If you’ve ever configured a firewall, a router, or switch, or some other type of network infrastructure device, you’ll notice there are a number of features that can be enabled and disabled in that device. These features are often based on a series of licenses, and if you pay for the license, then you can enable that feature. This means if you were to look through all of the features on this device, there may be certain features that are not available to you because you’ve not paid for that feature and that license has not been enabled. This can cause problems if you have created a configuration in your lab based on one set of licensed materials, but then when you try to deploy that into production, those license features are not enabled on those production devices, and your configuration fails. So if you’re planning to roll out some configuration changes, it’s useful to examine what is licensed on those remote devices and make sure that all of the configurations in your lab match the licensing for your production equipment.

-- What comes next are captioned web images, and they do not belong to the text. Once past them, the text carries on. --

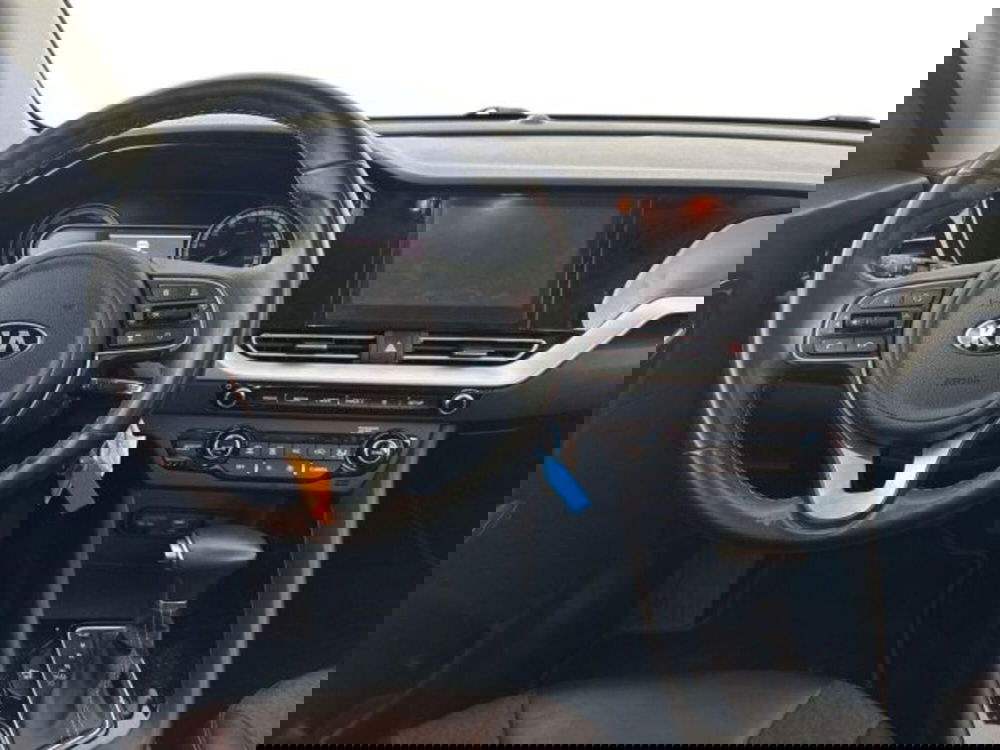 Kia Niro usata a Bologna (10)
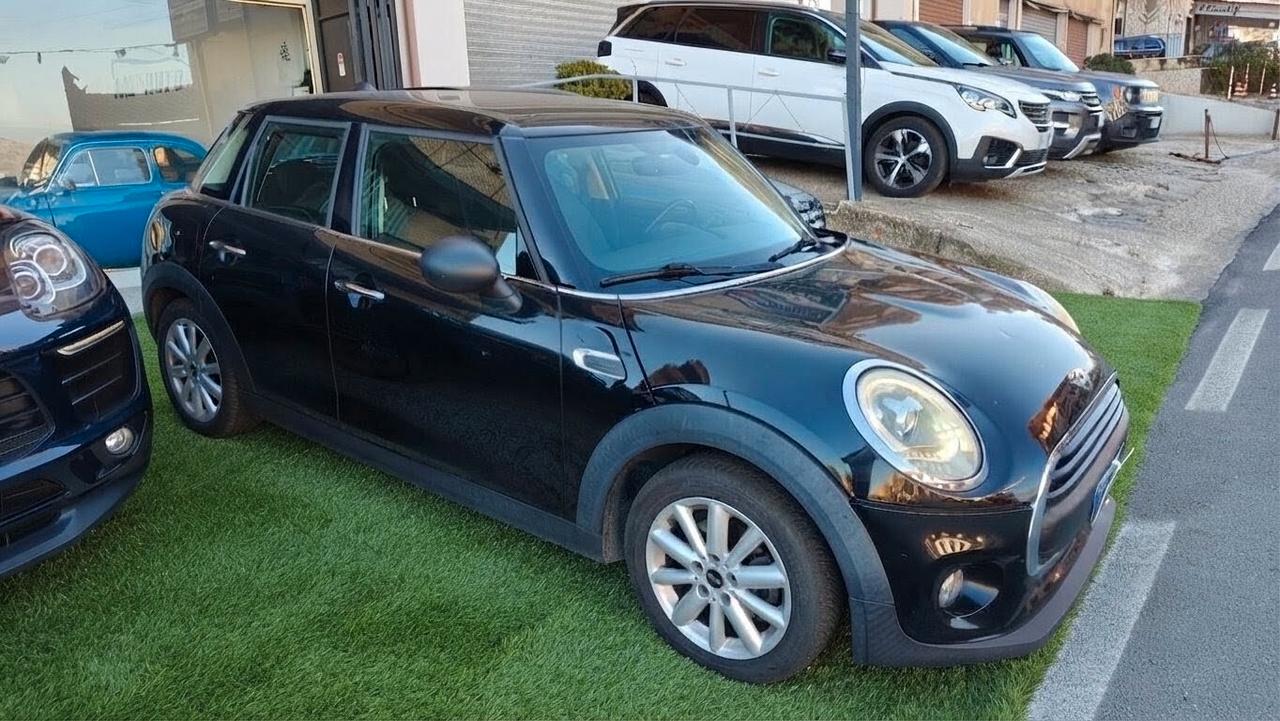 Mini 1.5 95 CV One D XL 5 porte
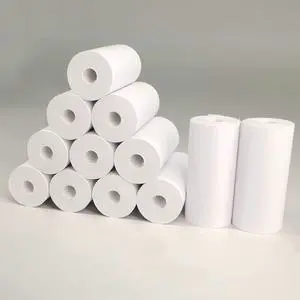 12 Rolls Kids Instant Camera Refill Print Paper Film, Coreless Thermal Print Paper, Suitable Width 2 1/4"(57mm) Most Kids Instant Camera and Portable Cash Registers Mobile Printer 12 Rolls Kids Instant Camera Refill Print Paper Film, Coreless Thermal Print Paper, Suitable Width 2 1/4"(57mm) Most Kids Instant Camera and Portable Cash Registers Mobile Printer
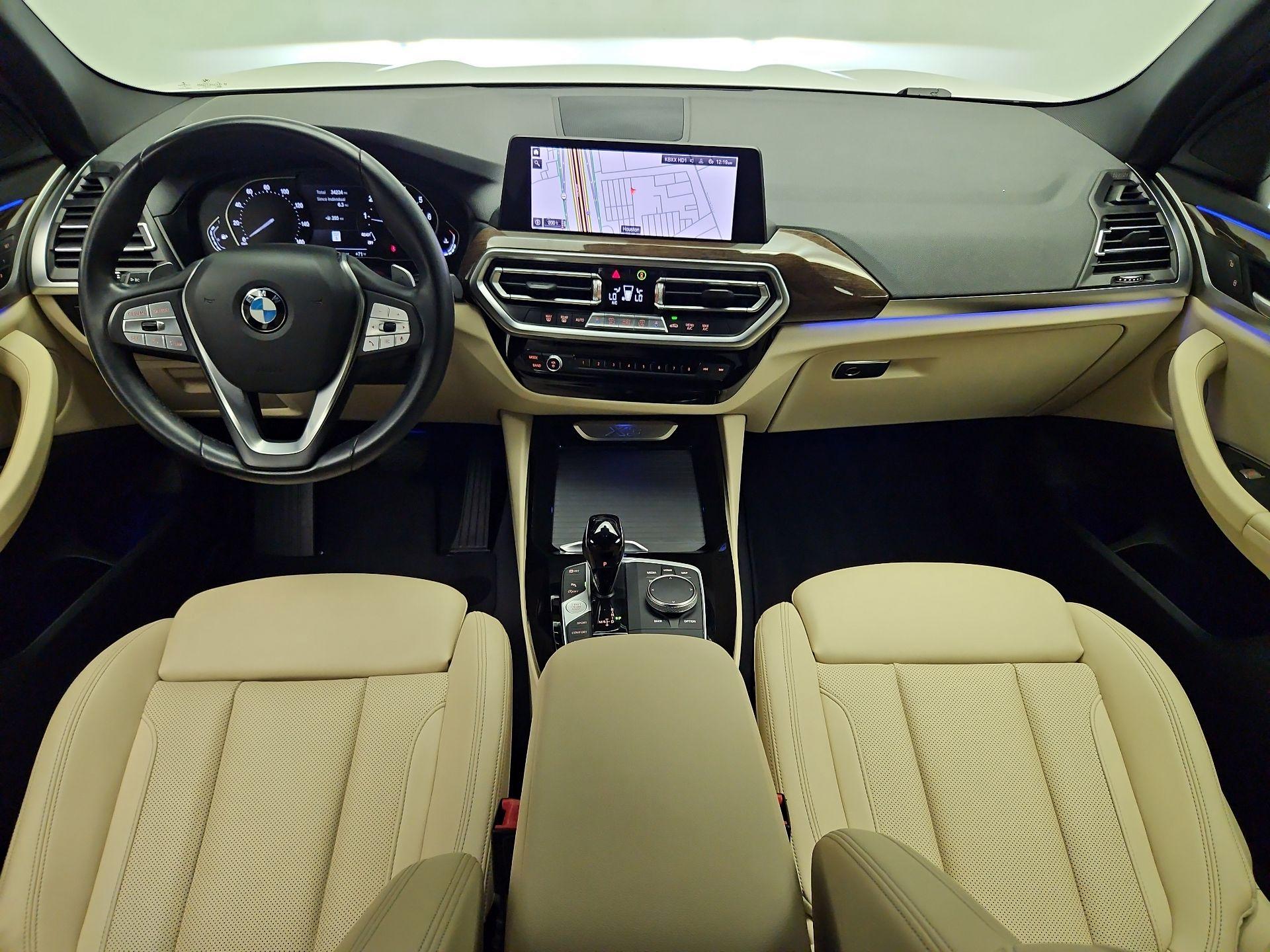 Thumbnail: 2022 BMW X3 - 9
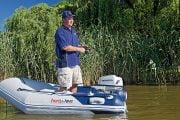 Honda Bot T24-IE2 Şişme Taban Bot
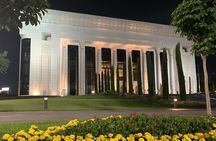 Private Tashkent City Tour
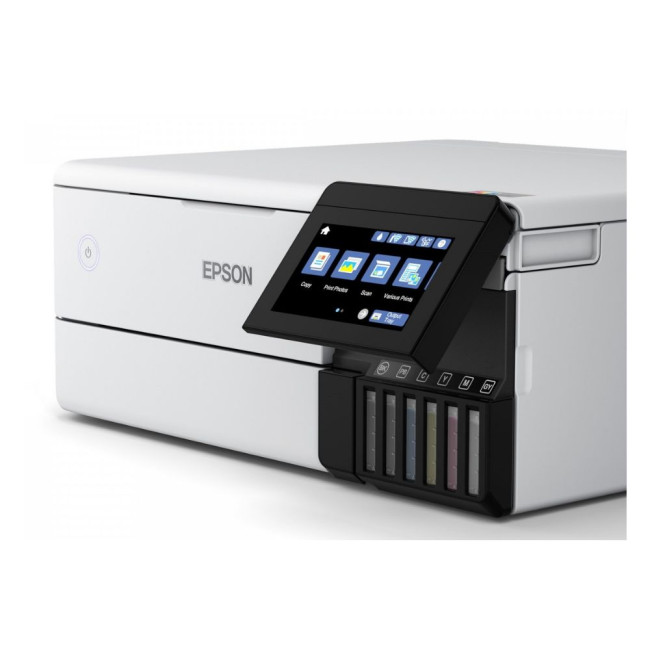 БФП струменевий A4 кольоровий EPSON L8160 (C11CJ20404)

One very common complaint to a help desk or network administrator is that the network is slow. From the user’s perspective, they’re just seeing that the application isn’t performing well. But the actual problem might be one of many different issues that could be occurring on the network. There’s never one single performance value to look at. It’s usually a combination of many different metrics.
For example, if we were looking at the performance of a network-attached storage device, we might see that there are I/O bus metrics, CPU speed, storage access speed, network throughput, memory settings, and many other variables. Any one of these performing poorly could cause the entire device to have poor performance. This means that we have to monitor every single one of these metrics over time to be able to identify where a slowdown may be occurring. And because there are so many different metrics to choose from across so many different components, this can be quite a challenge to try to look at everything that would be important. But if you are monitoring the right things, it should be very easy to see where a problem may be occurring. And if you correct that problem, it should be very obvious when you go back to a very responsive application.